> _YOUR TASK_
For the listing below, the answer is an exact retyping of the lines from the one with "Ayrancı’da yağmura aldırmayan" through the one with "Cozy Family House", both included, without pictures.

> _RECORDS SHOWN_
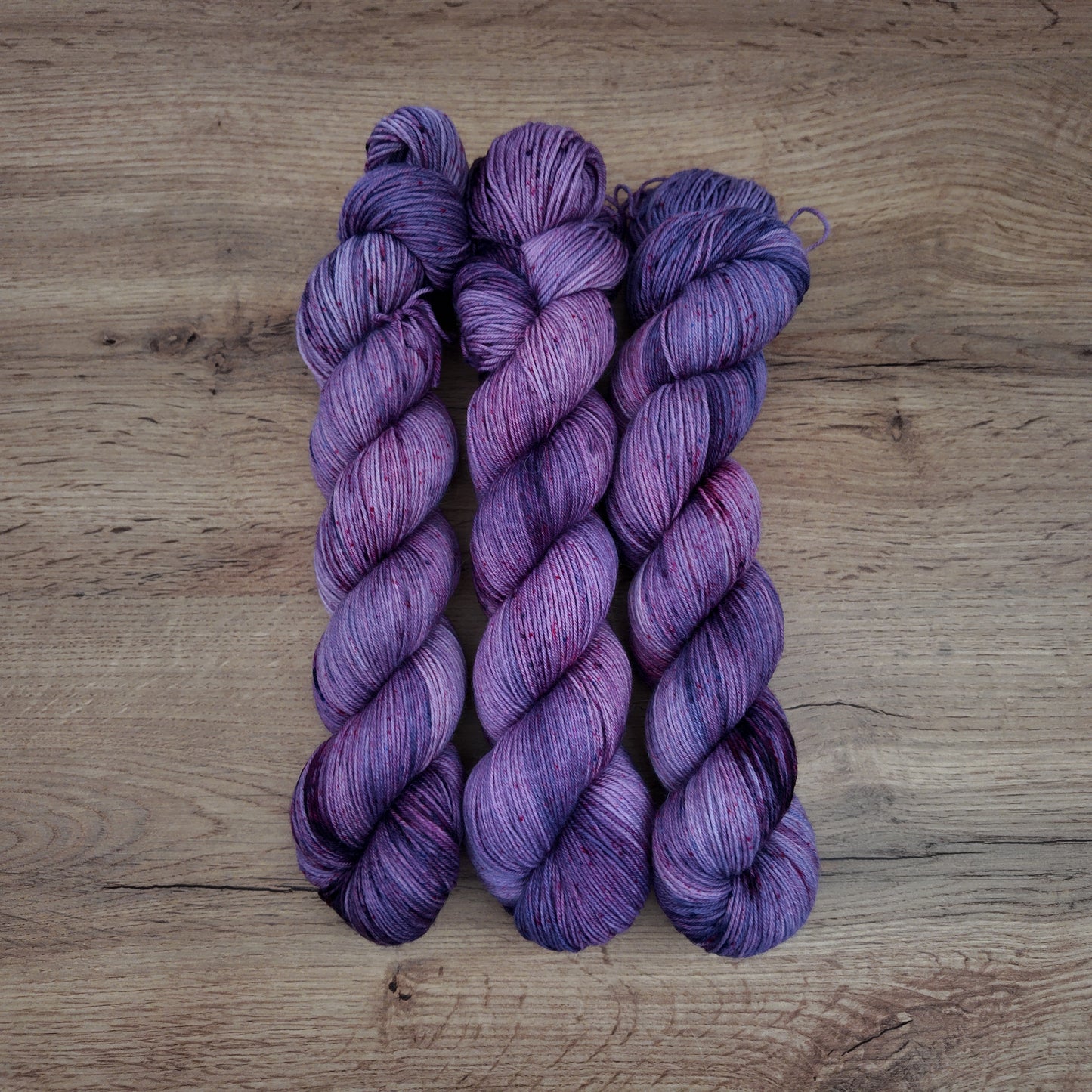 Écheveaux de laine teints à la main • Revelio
...
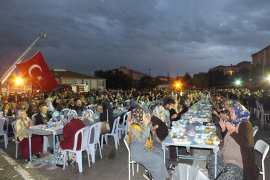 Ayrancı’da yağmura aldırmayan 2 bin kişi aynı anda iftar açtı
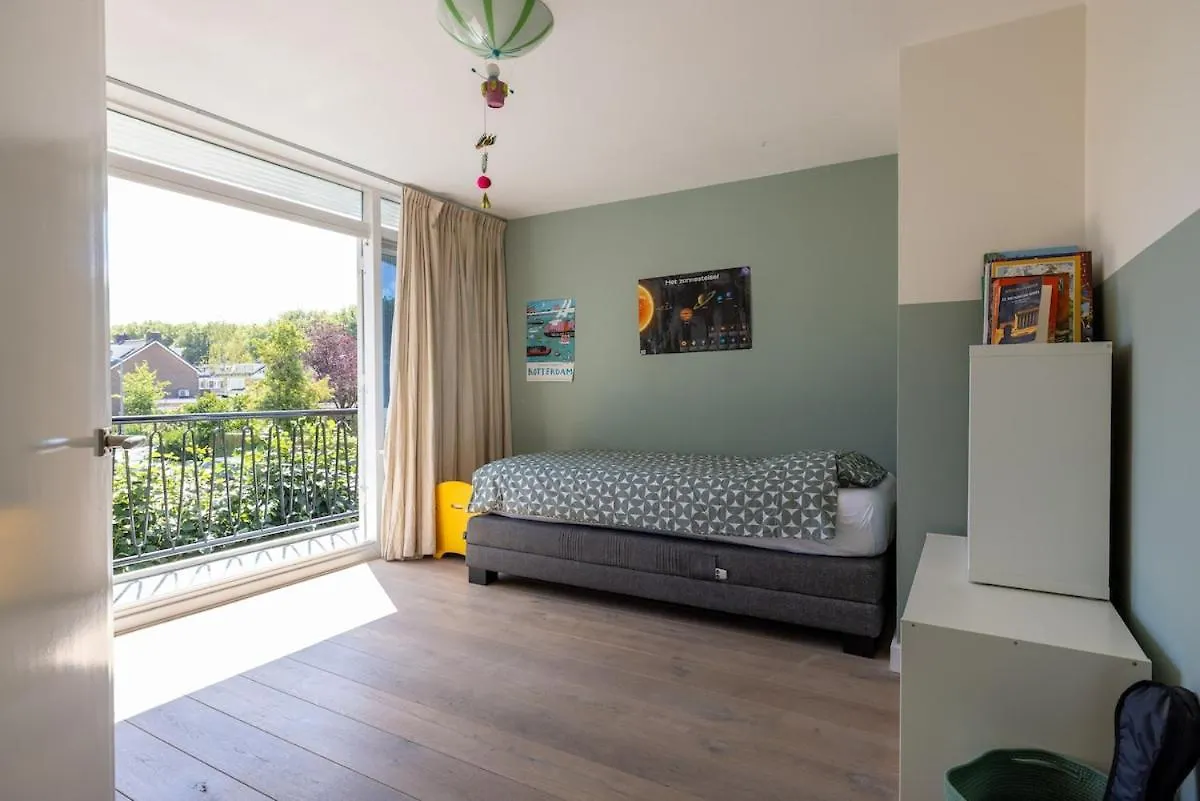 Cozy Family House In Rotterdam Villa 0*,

> _EXPECTED ANSWER_
 Ayrancı’da yağmura aldırmayan 2 bin kişi aynı anda iftar açtı
 Cozy Family House In Rotterdam Villa 0*,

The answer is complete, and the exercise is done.